Collected material.
------------------------------

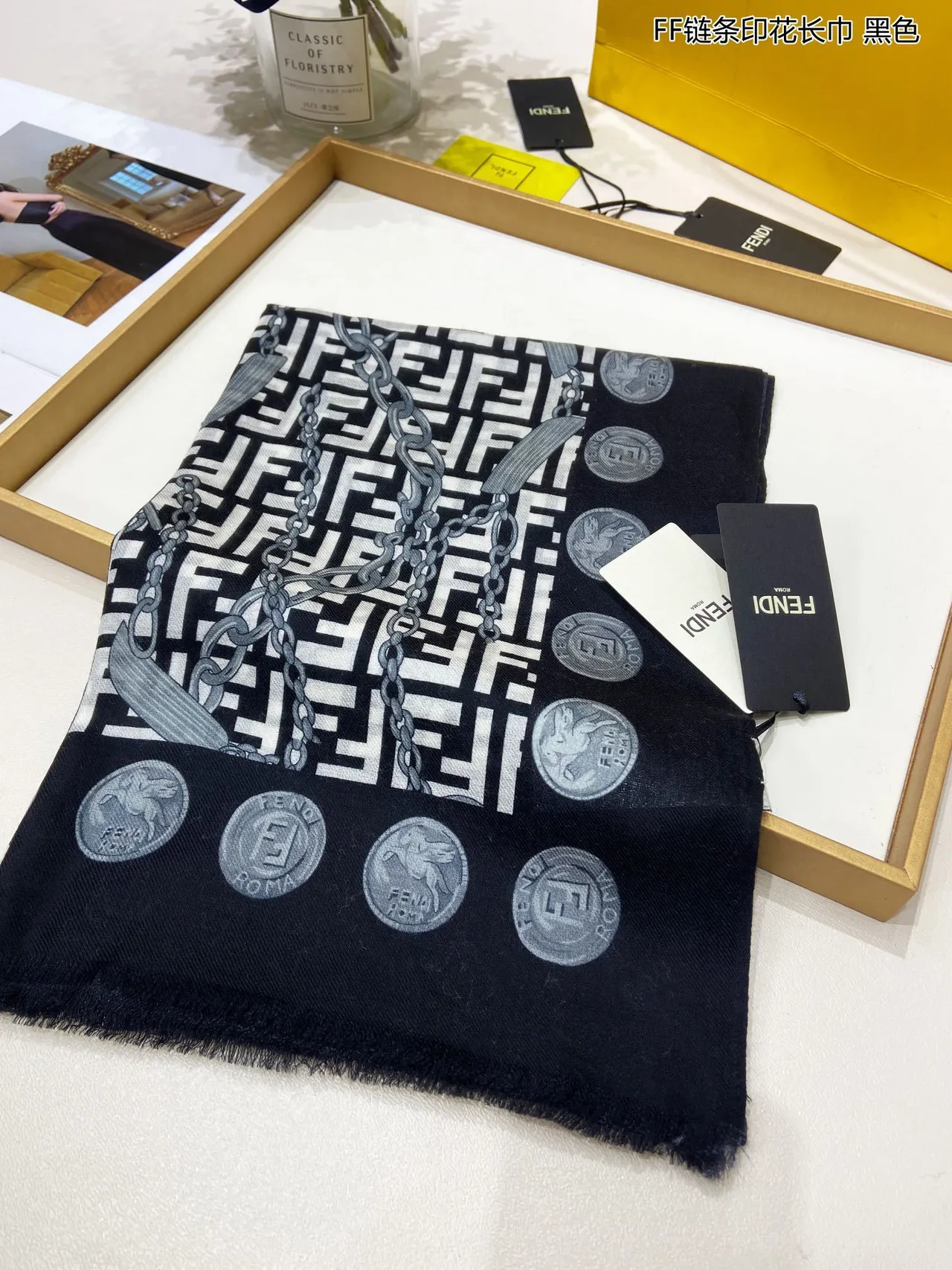 Fendi FF Chain Print Écharpe de Soie Noire 5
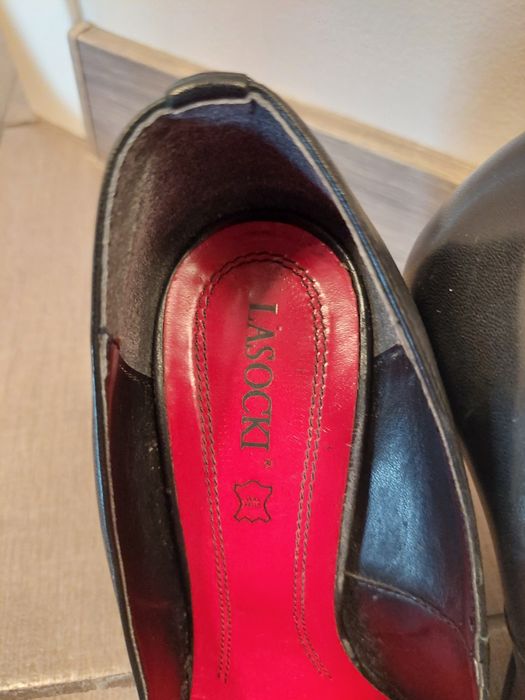 Обувки LASOCKI черни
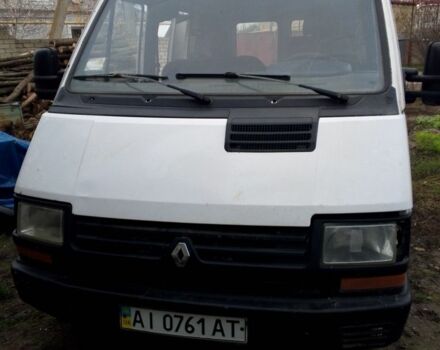 Белый Рено Трафик, объемом двигателя 0 л и пробегом 111 тыс. км за 1500 $, фото 1 на Automoto.ua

------------------------------

Task statement.
The lines wanted run from the one with "Обувки LASOCKI черни" through the final line of the data; repeat them word for word and skip every picture.

Answer space.
 Обувки LASOCKI черни
 Белый Рено Трафик, объемом двигателя 0 л и пробегом 111 тыс. км за 1500 $, фото 1 на Automoto.ua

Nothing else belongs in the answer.